Nosotros're saying officially, that park is open Christmas Eve from 6 to vii p.thou. It's the lot owners' individual property, so when information technology's something that is a tradition for many many years, we honor that tradition.

Patently the park is famous for having a lot of rules, and you lot're there most days. What is the most egregious dominion-breaking you lot've seen?

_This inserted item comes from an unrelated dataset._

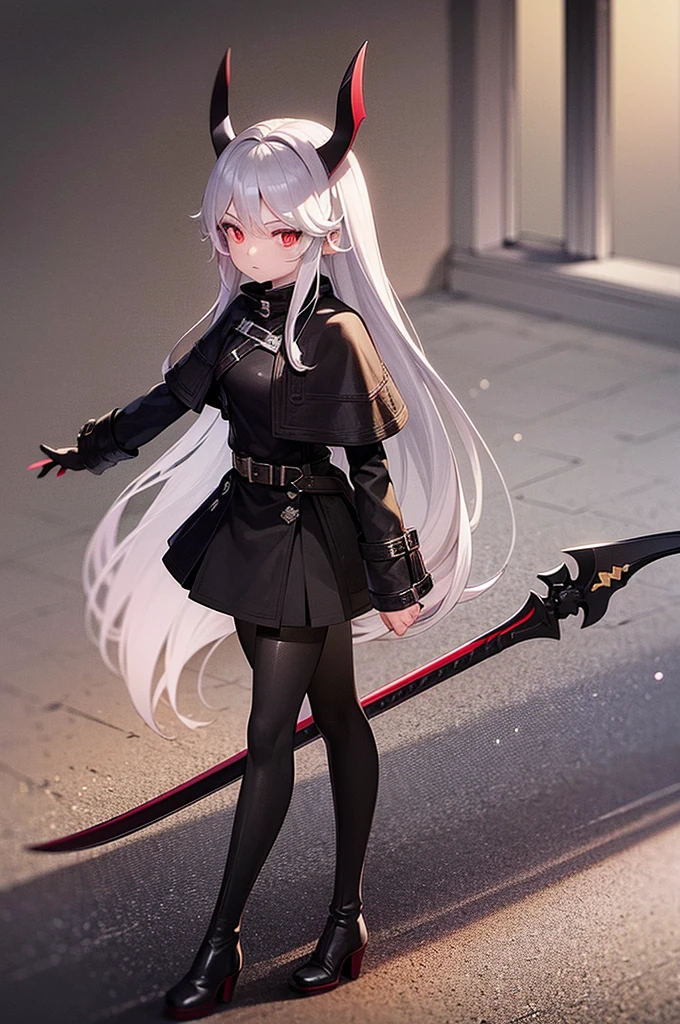 1girl, solo, long white hair, red eyes, ((holding battleaxe)), black footwear, boots, pantyhose, cross, knee boots, looking at viewer, belt, capelet, hair between eyes, long sleeves, black capelet, black pantyhose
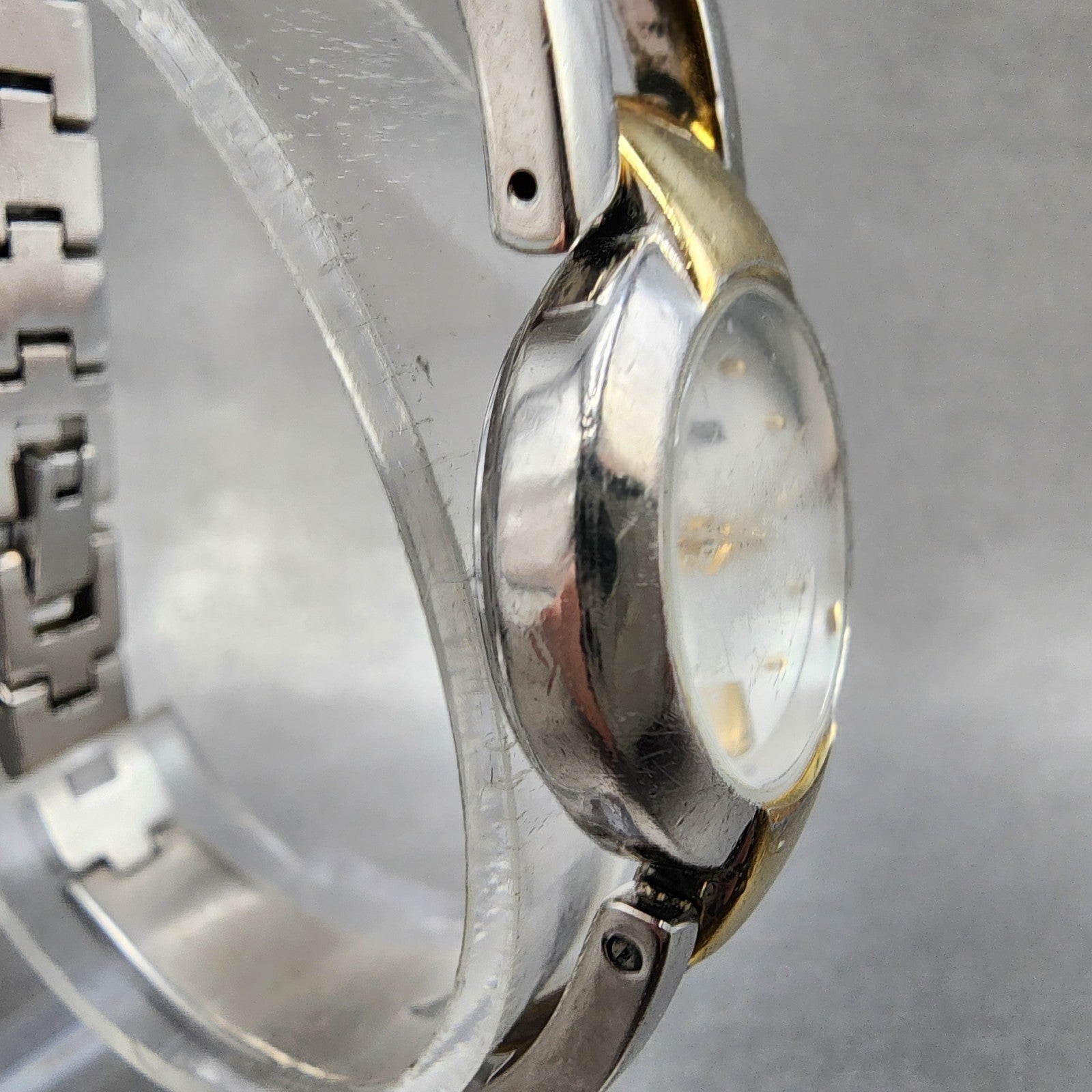 Bulova Watch Women 22mm MOP Dial Two Tone Round 98T80 Bangle New Battery3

People jumping over the fence in the middle of the night.

How oft does that happen?

I tin can't say how ofttimes, but it used to happen in the summertime when these younger kids were home from college, or effectually. There has been vandalism.

People who have weekend houses, or people who have any house that is private property — this is private property. The lot owners make the rules. I'm just sort of the enforcer of the rules.

As the person who peradventure cares more about the park than anyone else, what makes it different from the other open spaces in the city?

It's an ornamental park. It'southward not made for recreation. It's just for tranquility relaxation, meditation, read a book, get a loving cup of coffee, sit out at that place. And it does something for the soul and for your spirit. We've had hundreds of very well known people, and they say that it'southward such a special surroundings that it makes people feel spiritual and want to do practiced.

Very few people who alive hither, by the way, actually purchase keys. Just 236 people have personal keys, considering wouldn't you much rather look at a garden when you lot go out your apartment than look at highrises? It does something for how you experience.

You lot mentioned coffee — I thought no food or drinks were allowed?

No alcohol. Quiet pursuits. People love to walk. The children love to merely play quietly, and they brand lifetime friends instead of being on a swing that goes back and forth. They interact with each other. Their friends get permanent friends. They course relationships like we did in the erstwhile days when we played on the cake. That makes it quite special.

This interview has been edited and condensed.